Mzansi superfans want meeting with new sports minister Gayton McKenzie

Super fan and president of the South African National Association of Supporters Saddam Maake says they want a meeting with Sports Minister Gayton McKenzie.

Super fan and president of the South African National Association of Supporters Saddam Maake says they want a meeting with Sports Minister Gayton McKenzie.

Published Jul 10, 2024


The president of the South African National Association Supporters Union, Saddam Maake, has requested a meeting with the newly appointed Sports, Arts and Culture minister Gayton McKenzie after he vowed to de-fund their trips abroad.

The meeting request follows his announcement that there will be no more taxpayer-funded overseas trips for superfans, which include the likes of himself, Mama Joy Chauke and Botha Msila, personalities with nationwide appeal.

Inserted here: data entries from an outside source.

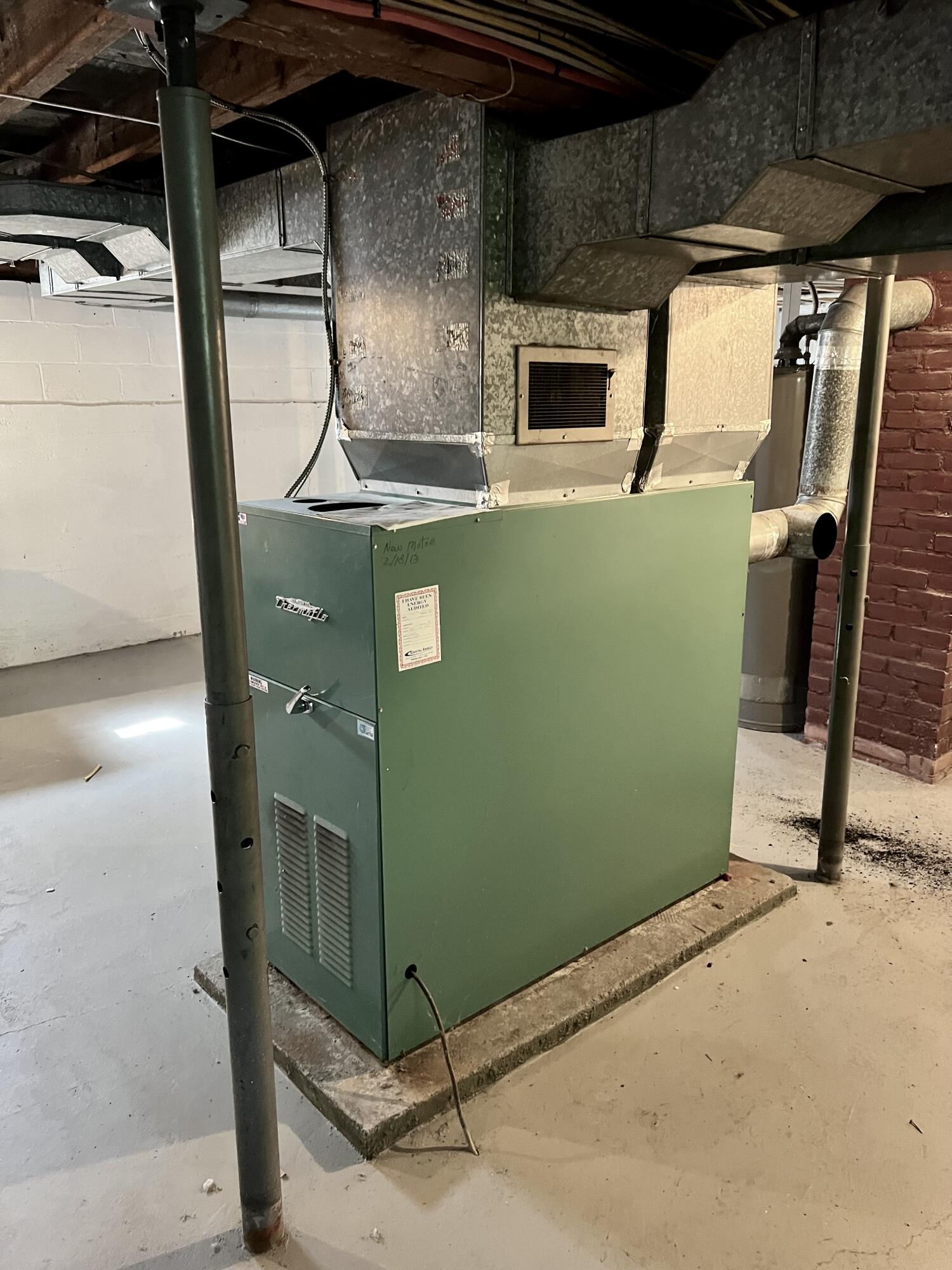 main property photo 45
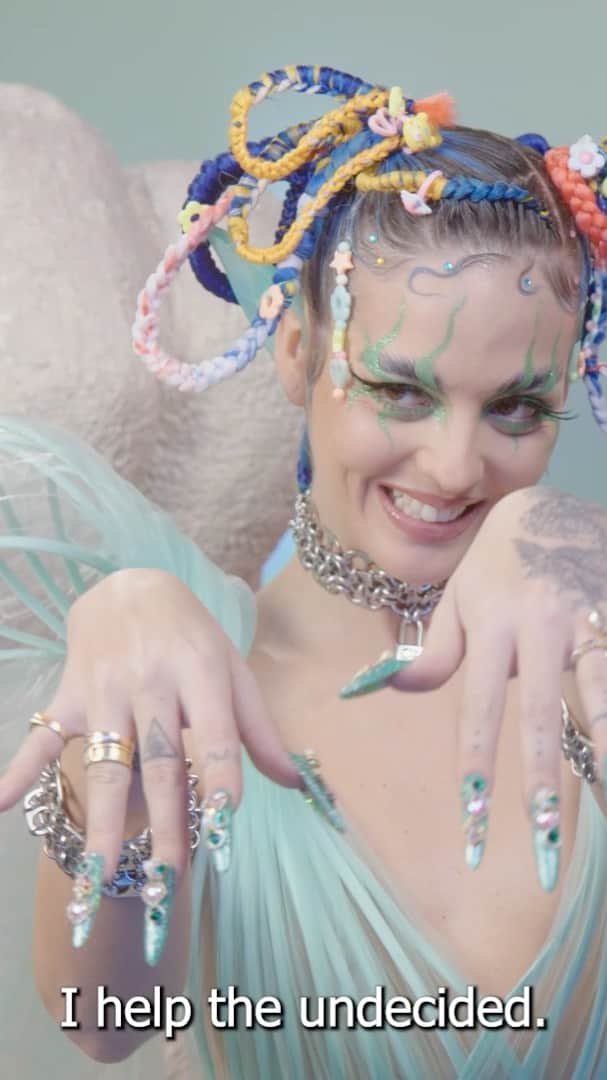 SITA ABELLANのインスタグラム：「para @voguespain - super risa participar en este corto de @inesdeleon q tan bien resuelve vuestras dudas de cómo funcionamos las q llevamos garras 🙇‍♀️ fue un placer!! dream team @sarasalamo @maritzapazz @ilduaravandall 🐍💖 .. y recuerda q la uña madrina siempre estará aquí para resolver tus dudas 😌✨ xxx」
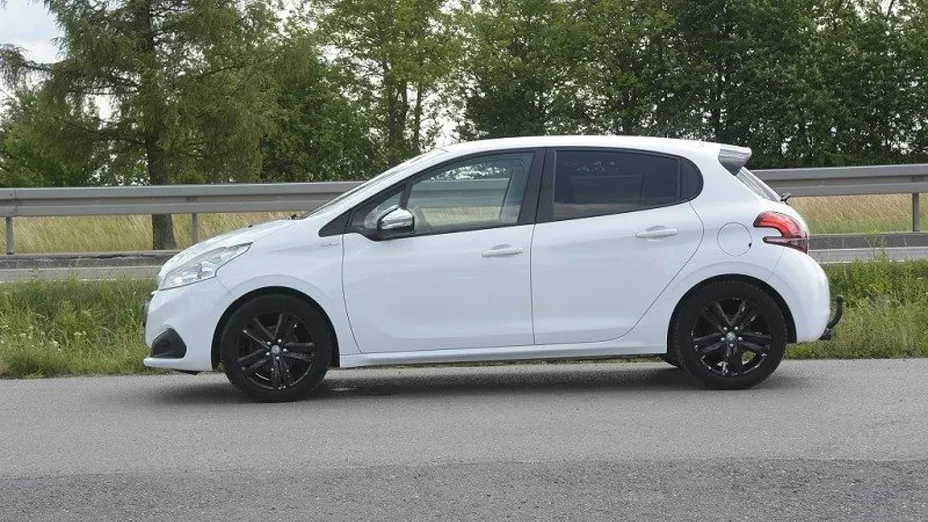 PEUGEOT 208 -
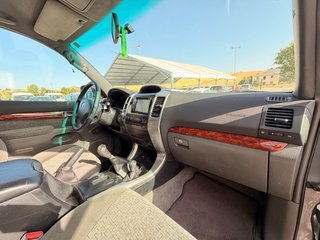 Toyota Land Cruiser 2004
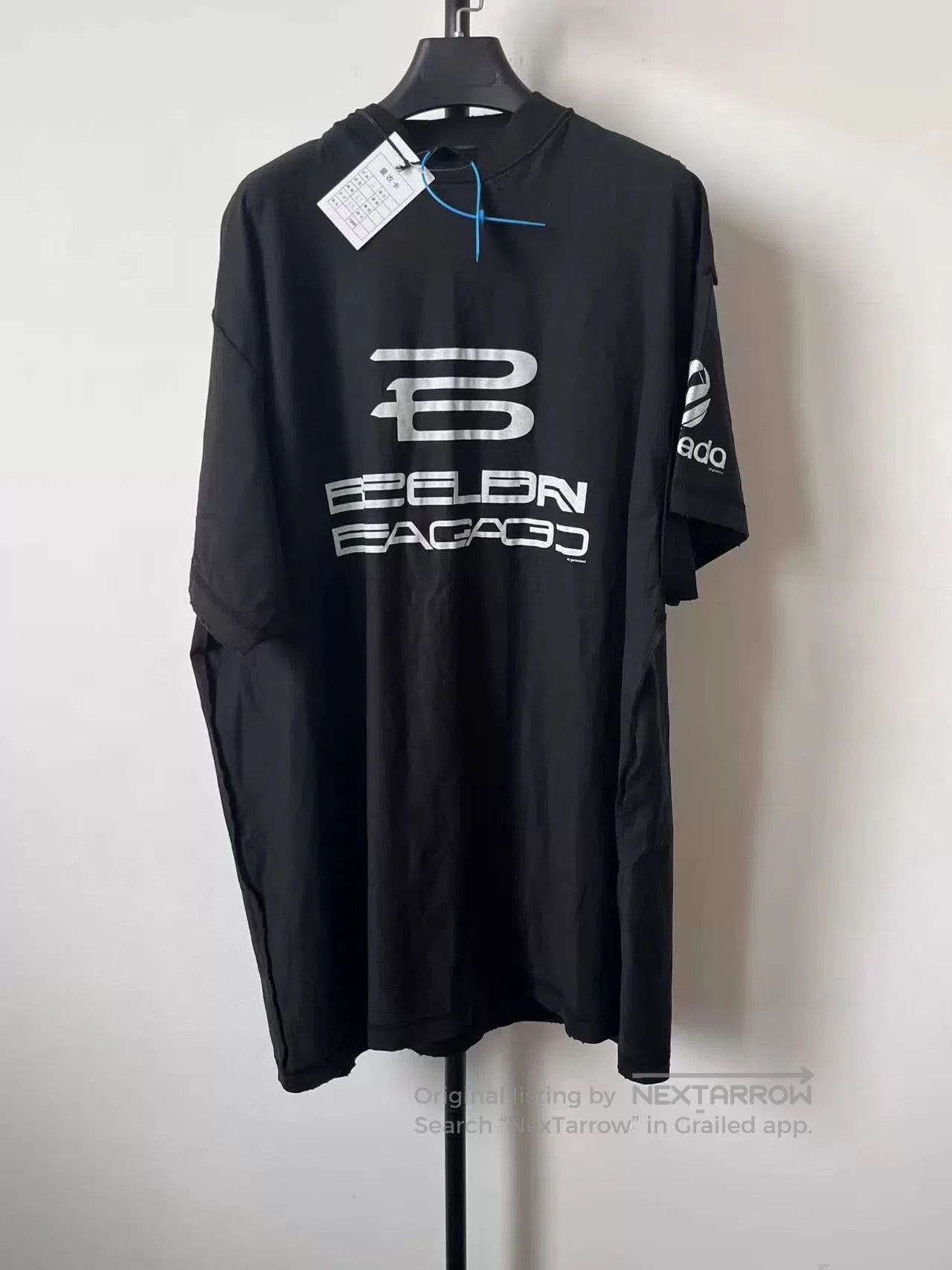 Balenciaga Balenciaga Logo Print Crewneck Short-Sleeve T-Shirt. Size US M / EU 48-50 / 2 - 1 Thumbnail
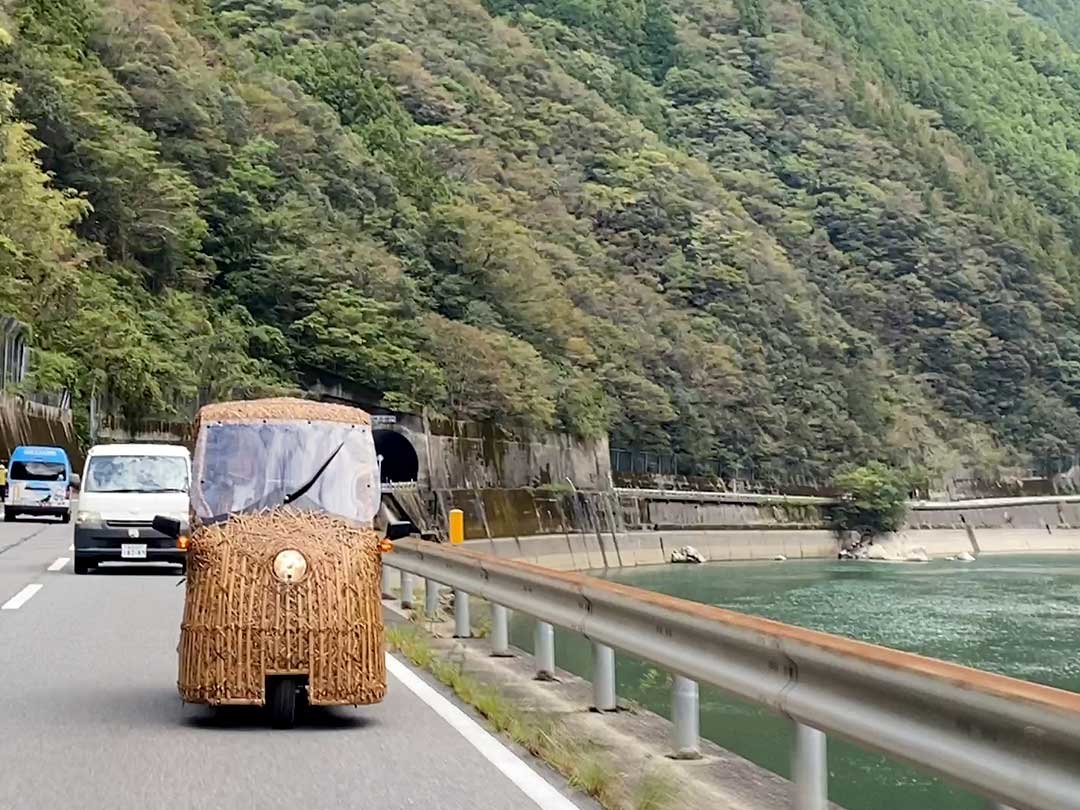 竹トラッカー仁淀川を走る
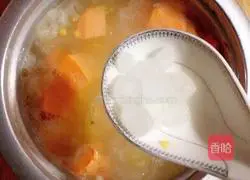 Illustration of how to make corn, sweet potato and white fungus soup 17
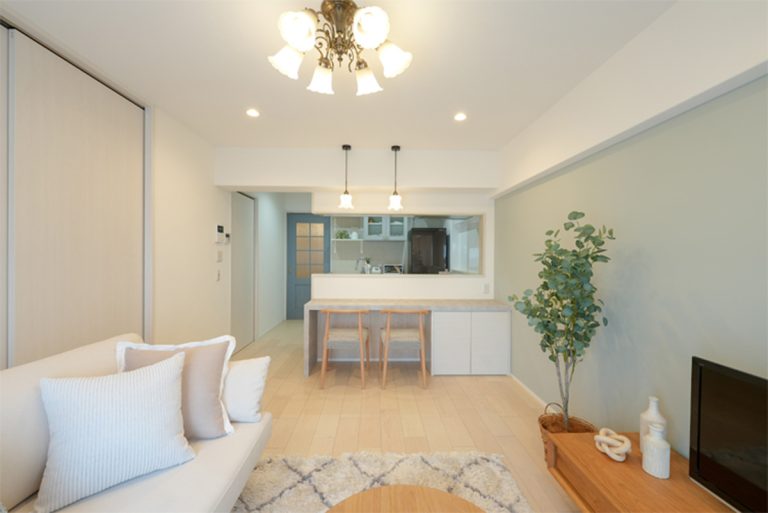 白を基調としたリビング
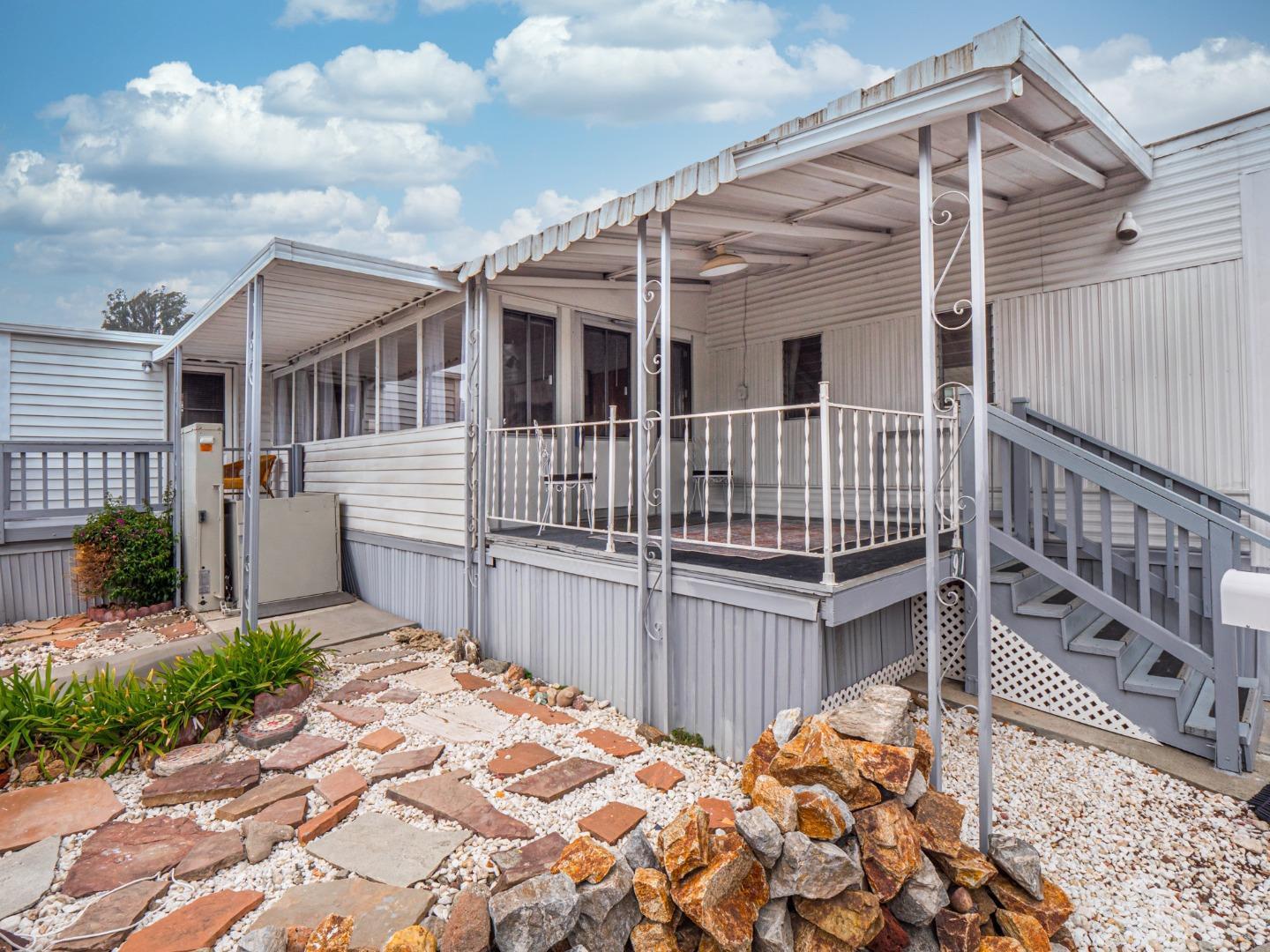 Detail Gallery Image 12 of 44 For 999 Old San Jose Road #91,  Soquel,  CA 95073 - 1 Beds | 1 Baths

The superfans became household names by supporting teams such as Kaizer Chiefs, Orlando Pirates and Bloemfontein Celtic at all their games since the establishment of the PSL in the 90s. They also made a big effort to be seen, with unique costumes, face paintings and their knack to display fierce and joyful emotions - win, lose or draw.

As TV cameras captured their visuals at the games, they later became household names, as supporters, as they also started showing support for sports previously considered white sports, such as rugby and cricket.

The superfans also wear South African colours as they attending Proteas - whether cricket or netball and Springbok matches. They routinely became seen at inbound cricket and rugby tours, on the banks and in the stands, of venues associated with the white elite - your Newlands, Wanderers, Kingsmead, etc.

They became a vehicle for social cohesion and last year, World Rugby cameras scouted them in the crowds in Paris as the Boks won the 2023 rugby world cup.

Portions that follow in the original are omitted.